Ransomware Attack Targets Global Port Logistics Firm S5 Agency World
A new cybercrime group known as Bert ransomware has claimed responsibility for a data breach at S5 Agency World, a London-based port agency operating in over 360 ports worldwide. The attackers allege they have exfiltrated nearly 140 gigabytes of sensitive company data, which they are now using to pressure the organization into paying a ransom.
The company’s name recently appeared on a dark web leak site used by ransomware gangs to expose victims and coerce ransom payments. Such sites serve as staging areas where attackers leak portions of the stolen data to prove legitimacy and increase negotiation pressure.
Data Sample Appears Authentic, Says Research Team
To support their claim, the attackers posted multiple screenshots that appear to show sensitive internal information. Cybernews researchers analyzed the leaked samples and confirmed that the data appears to be genuine.
The sample includes:
- Internal inspection reports
- Employee COVID-19 vaccination records
- Copies of passports
- Company documents
Although the leaked portion is limited, it suggests that the attackers may possess a much broader range of sensitive materials that could cause serious operational and reputational harm if fully exposed.

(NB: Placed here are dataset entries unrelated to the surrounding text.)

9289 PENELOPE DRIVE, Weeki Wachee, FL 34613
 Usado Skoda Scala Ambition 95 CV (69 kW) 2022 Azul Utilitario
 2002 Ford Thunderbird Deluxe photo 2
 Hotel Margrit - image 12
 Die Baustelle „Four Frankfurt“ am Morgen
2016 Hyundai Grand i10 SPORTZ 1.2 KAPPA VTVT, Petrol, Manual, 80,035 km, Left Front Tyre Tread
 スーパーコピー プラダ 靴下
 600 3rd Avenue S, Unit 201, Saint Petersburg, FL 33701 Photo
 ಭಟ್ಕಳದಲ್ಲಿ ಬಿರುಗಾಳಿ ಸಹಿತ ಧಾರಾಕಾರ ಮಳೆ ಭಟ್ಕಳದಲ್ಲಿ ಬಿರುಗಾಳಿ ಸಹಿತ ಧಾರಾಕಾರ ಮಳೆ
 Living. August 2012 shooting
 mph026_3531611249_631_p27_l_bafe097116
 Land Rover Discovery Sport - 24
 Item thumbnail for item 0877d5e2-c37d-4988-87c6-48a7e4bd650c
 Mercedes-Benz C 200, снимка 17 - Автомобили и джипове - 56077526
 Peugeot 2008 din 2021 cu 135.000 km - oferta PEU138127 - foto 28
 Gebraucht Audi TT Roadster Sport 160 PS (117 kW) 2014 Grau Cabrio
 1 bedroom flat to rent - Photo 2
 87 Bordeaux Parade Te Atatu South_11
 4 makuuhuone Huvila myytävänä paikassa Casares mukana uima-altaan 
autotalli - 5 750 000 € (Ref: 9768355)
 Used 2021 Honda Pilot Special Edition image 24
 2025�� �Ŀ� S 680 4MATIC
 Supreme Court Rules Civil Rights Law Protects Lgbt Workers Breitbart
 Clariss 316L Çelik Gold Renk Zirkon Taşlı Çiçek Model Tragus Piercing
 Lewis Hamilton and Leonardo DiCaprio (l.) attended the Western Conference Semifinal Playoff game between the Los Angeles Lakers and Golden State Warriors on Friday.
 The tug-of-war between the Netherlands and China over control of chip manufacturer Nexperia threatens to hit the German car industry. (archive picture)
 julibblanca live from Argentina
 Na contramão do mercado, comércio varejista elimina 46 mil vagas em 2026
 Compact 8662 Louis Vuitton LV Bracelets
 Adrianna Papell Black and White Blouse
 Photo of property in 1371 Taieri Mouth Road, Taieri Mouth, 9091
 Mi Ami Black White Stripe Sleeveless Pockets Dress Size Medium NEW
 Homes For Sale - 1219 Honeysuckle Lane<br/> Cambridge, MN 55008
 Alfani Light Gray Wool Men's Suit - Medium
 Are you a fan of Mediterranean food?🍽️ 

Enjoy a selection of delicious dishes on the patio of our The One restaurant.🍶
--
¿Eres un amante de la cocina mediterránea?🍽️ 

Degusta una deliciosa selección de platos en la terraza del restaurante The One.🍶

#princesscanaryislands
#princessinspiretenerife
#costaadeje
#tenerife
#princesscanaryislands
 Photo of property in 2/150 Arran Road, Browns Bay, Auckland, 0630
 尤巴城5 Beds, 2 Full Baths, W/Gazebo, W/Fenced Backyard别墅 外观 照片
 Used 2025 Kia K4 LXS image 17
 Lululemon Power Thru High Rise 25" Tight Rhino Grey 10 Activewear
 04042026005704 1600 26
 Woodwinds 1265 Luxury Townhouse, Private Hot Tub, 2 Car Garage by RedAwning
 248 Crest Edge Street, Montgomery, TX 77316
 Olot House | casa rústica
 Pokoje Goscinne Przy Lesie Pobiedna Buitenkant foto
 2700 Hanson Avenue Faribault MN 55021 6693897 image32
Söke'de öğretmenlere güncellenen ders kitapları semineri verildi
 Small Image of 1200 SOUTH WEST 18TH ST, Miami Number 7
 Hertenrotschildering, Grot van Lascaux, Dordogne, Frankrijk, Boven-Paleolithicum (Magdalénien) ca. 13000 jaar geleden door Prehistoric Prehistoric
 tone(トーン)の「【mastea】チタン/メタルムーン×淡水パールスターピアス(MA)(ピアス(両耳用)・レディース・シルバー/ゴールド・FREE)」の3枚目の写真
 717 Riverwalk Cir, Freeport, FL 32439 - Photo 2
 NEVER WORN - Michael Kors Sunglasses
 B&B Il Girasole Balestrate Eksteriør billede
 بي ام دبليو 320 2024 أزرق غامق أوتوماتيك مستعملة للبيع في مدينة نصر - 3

Why Maritime Agencies Are Prime Targets
Organizations in the maritime logistics and port services sector are frequent ransomware targets. With shipping delays having the potential to disrupt global supply chains, cybercriminals view these businesses as more likely to pay quickly to avoid downtime.
“Cyberattack-related downtime is not an option for many of these organizations,” the report noted. “Shipping delays can form supply chain bottlenecks and negatively impact clients.”
This pressure makes logistics and maritime firms highly valuable targets for ransomware cartels.
Bert Ransomware: A New but Aggressive Player
Bert ransomware, first observed in April 2025, is a relatively new entrant to the ransomware landscape. Despite its short existence, it has already targeted over a dozen organizations.
According to dark web monitoring tool Ransomlooker, the number of active ransomware gangs surged to 65 groups in Q1 2025. Bert is part of a growing wave of newer gangs that are rapidly gaining ground by using sophisticated malware delivery techniques.
Security researchers have identified Bert’s strategy as relying on legitimate software supply chains to deploy malware. While it has shown early focus on healthcare and tech sectors, its recent pivot to maritime logistics shows its growing adaptability.
CYFIRMA experts noted that “the gang can evolve into a larger threat as it appears to adapt well to the current cybercrime landscape.”